While it’s definitely the best way to figure out what meta-methods are available to you, it doesn’t help you figure out exactly what those methods are doing. Furthermore, the documentation is generally pretty brief around how to use them. In my experience the best way to see all the configuration options and understand what’s happening is to look at the actual methods that are added to your controllers and domain objects. However, because they’re added to the ‘metaClass’ of these classes when Grails bootstraps it can be difficult to figure out where and how they’re added.

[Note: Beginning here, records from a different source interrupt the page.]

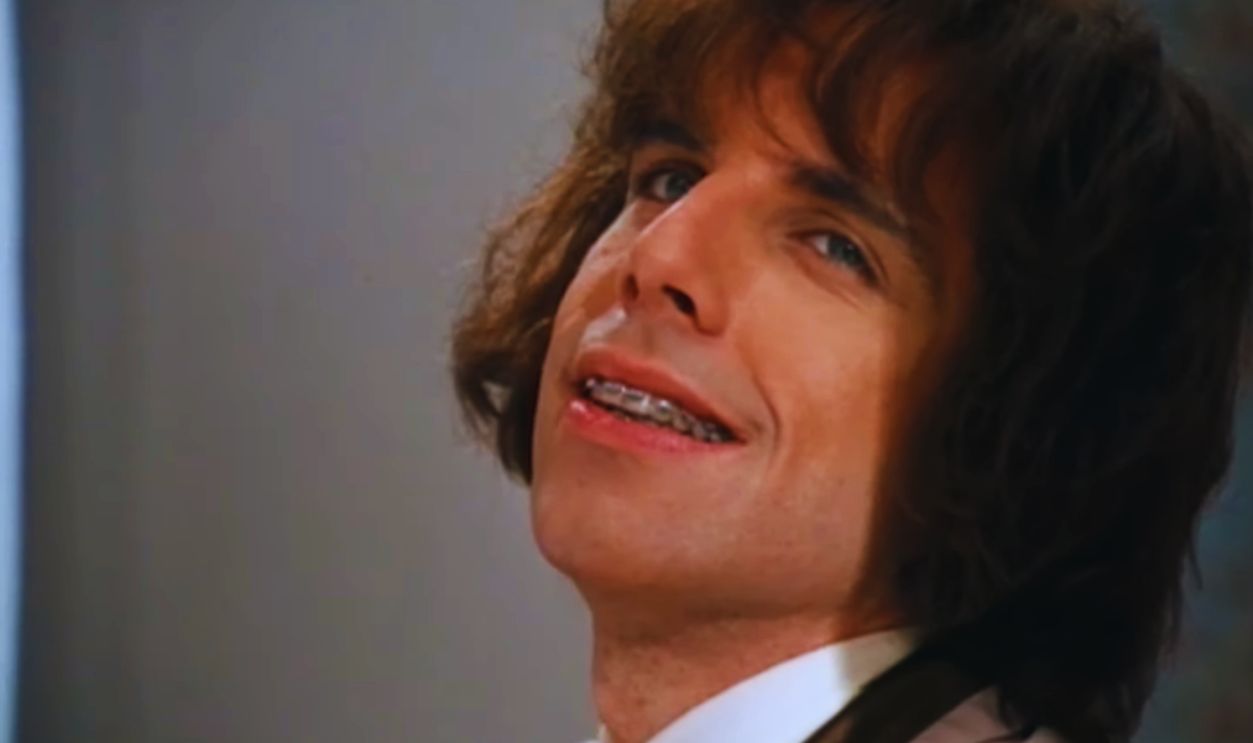 Screenshot from There’s Something About Mary (1998) 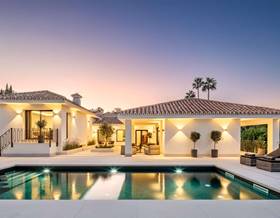 villas for sale in elviria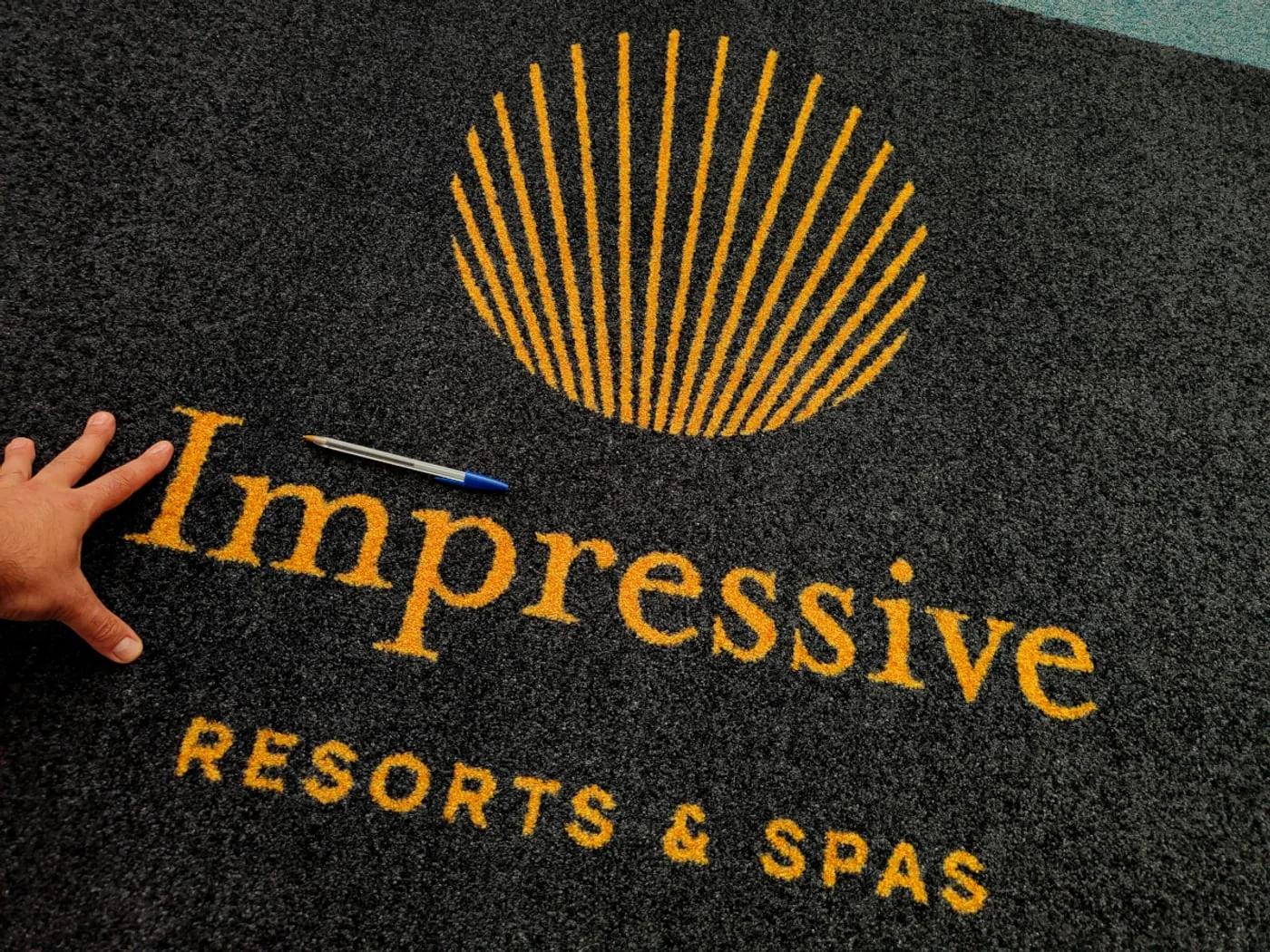 Alfombra personalizada Vegasmat modelo A6 Prime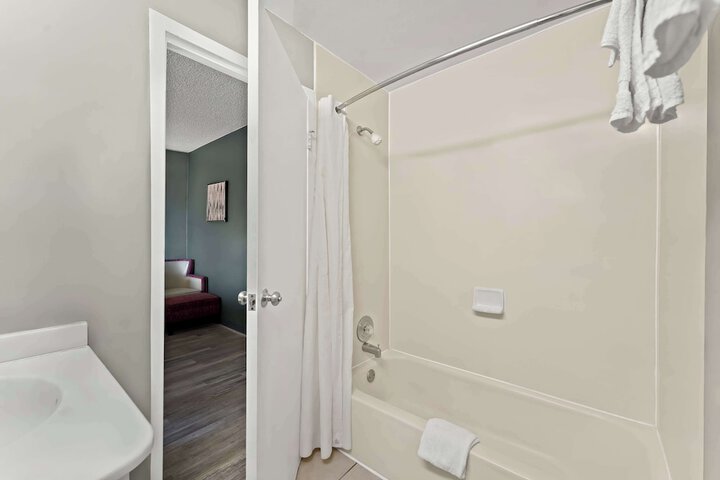 1 King Bed (5 of 9)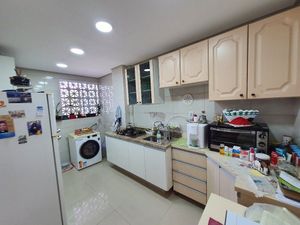 Image 1 - 890739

Fortunately, it’s not as bad as you think. Grails follows it’s own recommendations well and as a result all of these methods are added in the exact same fashion as they would be in a normal plugin. So, what you need to look for are the plugins that add them. I’ll start first with the Domain classes because they’re the most complicated and also the ones you will most likely need to understand. (More information on Grails plugins can be found here)

GORM Dynamic methods

The first thing to note when examining the GORM Methods is that it was designed to be plug and play from the get go. By default GORM is a hibernate implementation connecting to a standard RDBMS. However, that can be changed to use something like Mongo. To keep things simple I’ll assume the default.
In IntelliJ the hibernate plugin is included with all other project plugins
As you can see, just like any other plugin, the hibernate plugin adds the dynamic methods in doWithDynamicMethods. In this case it’s delegating to another class, likely to allow for easier testing. I’m not going to go through the entire class, but it’s fairly straightforward from here, as most of the dynamic methods are added directly by HibernatePluginSupport.

Controller Dynamic Methods

The controller methods are a little bit harder to find. Like the Hibernate plugin above, they are added via a plugin. However, you won’t find it with the normal plugin list, as it’s ‘core’. (Unless something massive has changed in 2.0) 

You’ll find when you look in this class that there’s a pretty natural separation of concerns, there’s a class for adding just the render methods, etc. In general, you can find most dynamic methods by searching for *GrailsPlugin.groovy.

Hopefully this helps you understand better how the Grails ‘magic’ works. Anyone with experience in Spring MVC or Hibernate will recognize most of what these methods are doing, but if not I suggest you do a quick look through those products to help you understand what’s happening.


This is true before 2.0, but in 2.0+ most of the domain class methods and controller methods are added directly to the bytecode via ASTs rather than dynamic metaprogramming. Real dynamic methods like dynamic finders (e.g. findByFooAndBar) have to be added at runtime, but methods with fixed signatures like save() are added by the compiler.

Also one small correction - GORM was not originally designed to be pluggable, it was retrofitted in 2.0 to be so; before that it was tightly coupled to Hibernate.